入学式



「え? えっと…」


自分はどう答えたらいいのだろう、と和明は口をつぐんでしまう。

ここは彼の話に合わせた方がいいというのはわかるが、嘘をつくのは気が引けた。


そうやっていろいろ考えていると、耳元で彼の声が発せられる。


「ここは僕に話を合わせて」


「えっと…はい」


結局、彼の話に合わせ、和明の遅刻は多目に見てくれることになった。


その日はこのホームルームで終わりだったらしく、入学後の説明を聞いたあと、和明は学校をあとにする。
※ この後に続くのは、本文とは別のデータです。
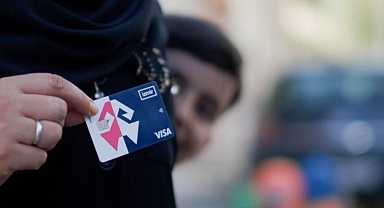 20 bin aileye 20 milyonluk destek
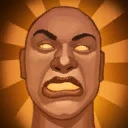 Ashen Wrath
さっきの人にお礼言い忘れたな、と頭の隅で考えながら歩いていると、学校を少し離れたところにある路地への別れ道のところで声を掛けられ立ち止まった。

自分を呼び止めた人の顔に目をやれば、そこに居たのはさっき学校で助けてくれた彼で、和明は目を見開く。


「ぁ、あの…えっと…」


まさか学校の外でまで会えるなんて、という驚きにことばが上手く出て来てくれない。


「さっきはなんとか誤魔化せてよかったね」


「ぁ、えっと…ありがとうございました。えっと…」


「あー、僕は三年の天草直(あまくさ なお)だよ。ちなみに生徒会長もやってるから、よろしくね、和明くん」


「は、はいっ!」


勢いよく返事をした和明はその数日後、生徒会へと入った。